The Associated Press said Wednesday that it has entered into a partnership with WhoSay Inc., a company that helps celebrities manage interactions with fans through social networks and traditional media outlets.
The AP will give celebrities who are members of WhoSay the option to provide exclusive, personal photos and videos to the AP for licensing to major media companies worldwide. ...At the least, it sounds like it's cheapening itself. Basically, WhoSay looks like an elitist version of Twitter. Which makes it look very much like AP is doing celebrity butt-kissing. Great. AP's entertainment feed will look like TMZ soon.
The company puts celebrities in greater control of —and offers the opportunity to profit from— their photographic lives. It also allows them to spread their social media posts easily across sites like Twitter and Facebook. As an example, (Sofia ) Vergara posted a picture of a family lunch in Miami last month. The photo has a copyright symbol, indicating she owns it and can make money from it if, say, a magazine wants to publish it.

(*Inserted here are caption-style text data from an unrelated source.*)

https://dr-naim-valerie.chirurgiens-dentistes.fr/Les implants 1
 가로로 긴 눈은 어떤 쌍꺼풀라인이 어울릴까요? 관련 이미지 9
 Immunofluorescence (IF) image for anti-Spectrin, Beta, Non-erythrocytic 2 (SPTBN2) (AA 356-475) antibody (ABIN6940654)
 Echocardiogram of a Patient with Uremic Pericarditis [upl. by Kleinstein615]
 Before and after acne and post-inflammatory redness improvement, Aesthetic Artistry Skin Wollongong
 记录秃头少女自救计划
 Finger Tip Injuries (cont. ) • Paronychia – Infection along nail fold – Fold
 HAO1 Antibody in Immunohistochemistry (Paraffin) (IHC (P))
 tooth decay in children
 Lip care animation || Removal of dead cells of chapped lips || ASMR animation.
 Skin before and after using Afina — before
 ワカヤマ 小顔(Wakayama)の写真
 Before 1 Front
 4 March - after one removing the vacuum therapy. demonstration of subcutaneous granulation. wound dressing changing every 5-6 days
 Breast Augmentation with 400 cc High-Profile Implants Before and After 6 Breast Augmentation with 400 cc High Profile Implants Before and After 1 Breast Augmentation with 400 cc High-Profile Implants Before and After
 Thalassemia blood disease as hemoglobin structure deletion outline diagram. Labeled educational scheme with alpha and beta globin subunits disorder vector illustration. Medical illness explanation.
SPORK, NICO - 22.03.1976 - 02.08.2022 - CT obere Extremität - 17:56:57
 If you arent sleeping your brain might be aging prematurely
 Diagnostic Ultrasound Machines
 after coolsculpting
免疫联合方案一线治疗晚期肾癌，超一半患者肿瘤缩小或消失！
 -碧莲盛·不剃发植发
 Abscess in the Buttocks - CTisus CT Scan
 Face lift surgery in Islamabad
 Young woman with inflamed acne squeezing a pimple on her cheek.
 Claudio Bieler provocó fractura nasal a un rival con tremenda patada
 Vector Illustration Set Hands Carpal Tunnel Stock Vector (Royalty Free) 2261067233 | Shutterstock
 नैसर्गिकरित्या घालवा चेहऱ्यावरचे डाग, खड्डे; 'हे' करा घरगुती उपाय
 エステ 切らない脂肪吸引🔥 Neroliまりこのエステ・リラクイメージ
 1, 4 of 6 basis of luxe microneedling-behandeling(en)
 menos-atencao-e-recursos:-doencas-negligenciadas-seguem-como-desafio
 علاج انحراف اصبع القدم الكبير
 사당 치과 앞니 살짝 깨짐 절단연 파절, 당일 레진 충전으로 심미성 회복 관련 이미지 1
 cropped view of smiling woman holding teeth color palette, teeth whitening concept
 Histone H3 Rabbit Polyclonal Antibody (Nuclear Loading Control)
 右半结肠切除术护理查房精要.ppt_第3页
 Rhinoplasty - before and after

And, shock me that Dean Singleton, as ongoing chairman of the board (who should have been canned when MediaNews filed Chapter 11) would think this is a wonderful idea. Hell, look at AP's whole board of directors.
Singleton/MediaNews? Chapter 11. Mary Junck/Lee Enterprises? Chapter 11. Donna J. Barrett/CNHI? Should be in Chapter 11, but, being owned by the Alabama state pension system, probably can't be. Craig A. Dubow/Gannett? Should be. Still doing mandatory furloughs, isn't it? Michael Golden/New York Times? The company that has a fake paywall and lies about it. Paul C. Tash/St. Petersburg Times? Lives on its Poynter reputation. Katharine Weymouth/Washington Post? Would be in Chapter 11 if not for Kaplan. Gary Pruitt/McClatchy? Wouldn't surprise me if it winds up there.
As Michael Hirschorn at The Atlantic notes, it's precisely strategies like this that have made the general public undervalue daily newspapers for years if not decades. Add in the AP board originally selling its content to online aggregators for pennies, and the circle is complete.
AP? As an organization? Ideally, it would up its rates to Google, et al. But, with the degree that both Reuters and Agence-France Presse have expanded in the US in the past decade, that's probably not that realistic.
And, member papers should play Reuters off AP to negotiate prices down, if needed. Bigger chains should have kept more of their DC bureaus open and tried to bargain down AP at the same time.